Crédit photo : BURGER/PHANIE

Partout dans le Monde, la première vague du Covid-19 était tellement peu attendue (les moyens de protection n’étant pas ou peu disponibles, par exemple) que les soignants semblent avoir été particulièrement touchés par la maladie. Mais qu’en est-il de leurs familles ? Parmi les sources d’angoisse des personnels hospitaliers, la crainte de transmettre le virus aux proches était prégnante.

L’étude de Anoop Shah et coll. (Glasgow, Ecosse) a été menée sur 158 445 professionnels de santé au plus fort de l’épidémie de Covid-19 (entre le 1er mars et le 6 juin 2020). Elle a évalué le sur-risque de ces personnels de santé hospitaliers (travaillant essentiellement pour le NHS) par rapport à la population générale. Il s’agissait en grande majorité de femmes (78,7 %). Les auteurs ont distingué ceux, qui, de par leur fonction et/ou spécialité, étaient au contact direct des patients Covid (soit 57,3 % d’entre eux), de ceux dont le rôle est éloigné des patients (anatomopathologistes, biologistes médicaux, bioinformaticiens…). Pour 22,2 % des personnels hospitaliers, il n’existait pas de précision quant à l’éventuel contact avec les patients. L’étude a aussi inclus 229 905 membres de la famille des soignants âgés de 18 à 65 ans (38,4 % de femmes), et c’est une première.

Sur une population régionale de 5 463 300 habitants, 3 452 592 personnes sont âgées de 18 à 65 ans. Pendant la période de la première vague, 6 346 personnes ont été hospitalisées dans cette région dont 33 % de 18-65 ans (2 097). Les soignants et leurs familles ont constitué un sixième (17,2 %) des admissions hospitalières pour COVID-19 chez les 18-65 ans, alors même qu’ils ne représentent que 11,2 % de la population en âge de travailler.

Sur-risque chez les soignants en contact direct avec les patients

L’analyse détaillée montre qu’après ajustement sur un certain nombre de valeurs confondantes (âge, sexe, origine ethnique et comorbidités), le risque de Covid-19 des personnels n’ayant pas de contacts avec les patients atteints était identique à celui de la population générale (HR : 0,81 ; ). En revanche, en cas de contact direct, le risque d’hospitalisation était triplé par rapport aux autres adultes en âge de travailler (HR : 3,30 ; [2,13 - 5,13]). Pour les membres de la famille de ces soignants, le risque était, pour sa part, doublé (1,79, [1,10 - 2,91]). Parmi les soignants, les spécialistes de première ligne, comme les urgentistes, les réanimateurs et/ou les soignants participant à la ventilation des patients (médecins et paramédicaux) ont connu le risque le plus important d’hospitalisations (risque estimé à 0,25 % pour les personnels des urgences, 0,14 % pour la réanimation et 0,05 % pour le personnel hospitalier non soignant).

Les auteurs notent aussi que parmi les soignants qui ont été hospitalisés (243), 1 sur 8 a été admis en soins intensifs et 2,5 % (6) sont décédés. Pour les familles de soignants (soit 117 patients), 20 % ont été admis en soins intensifs, et 18 personnes (12,9 %) sont décédées.
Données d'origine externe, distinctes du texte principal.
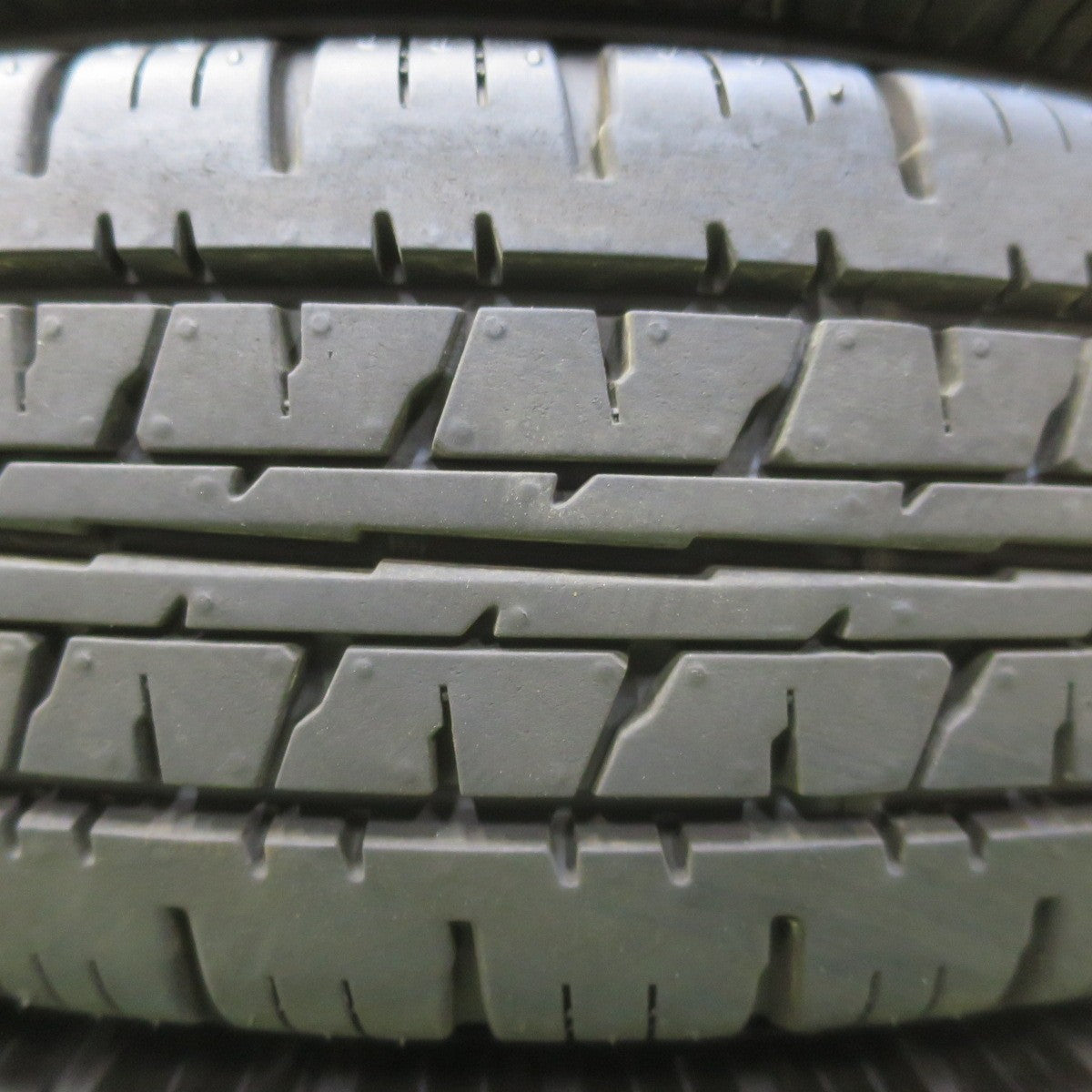 超バリ溝!25年!9.5分以上★145/80R12 80/78N ダンロップ エナセーブ VAN01 タイヤ 12インチ 軽 トラック 軽 バン ハイゼット エブリィ 等★6060403イノタ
Dans un éditorial qui accompagne l’article, les Drs Ulf Karlsson et Carl-Johan Fraenkel (Skane, Suède) soulignent que, depuis les premiers jours de la pandémie, des progrès nets ont été effectués dans la protection des soignants. Ils avancent que grâce à ces progrès, le risque d’infection de soignants devrait être réduit au cours de cette deuxième vague. Or, il semble que ce ne soit pas le cas, du moins en France. Pourtant, les connaissances sur la transmission et la dynamique du virus sont bien meilleures, l’impact des infections asymptomatiques et pré-asymptomatiques mieux connu, l’accès aux équipements de protection et aux tests est désormais généralisé, le triage des patients est optimisé et le port du masque a été largement adopté dans la population générale.

Comment expliquer alors la plus grande sensibilité des soignants français aux infections depuis le début de l’automne ? Différents facteurs pourraient jouer un rôle : la fatigue du personnel qui n’a pas pu prendre de vacances depuis plusieurs mois, une certaine lassitude à la lourdeur des procédures d’habillage et de déshabillage, le mélange au sein des mêmes lieux des patients Covid et non Covid, un plus grand risque d’infection en dehors de l’hôpital, ou bien – mais cela reste à prouver — une infectivité particulière des variants circulants actuellement. 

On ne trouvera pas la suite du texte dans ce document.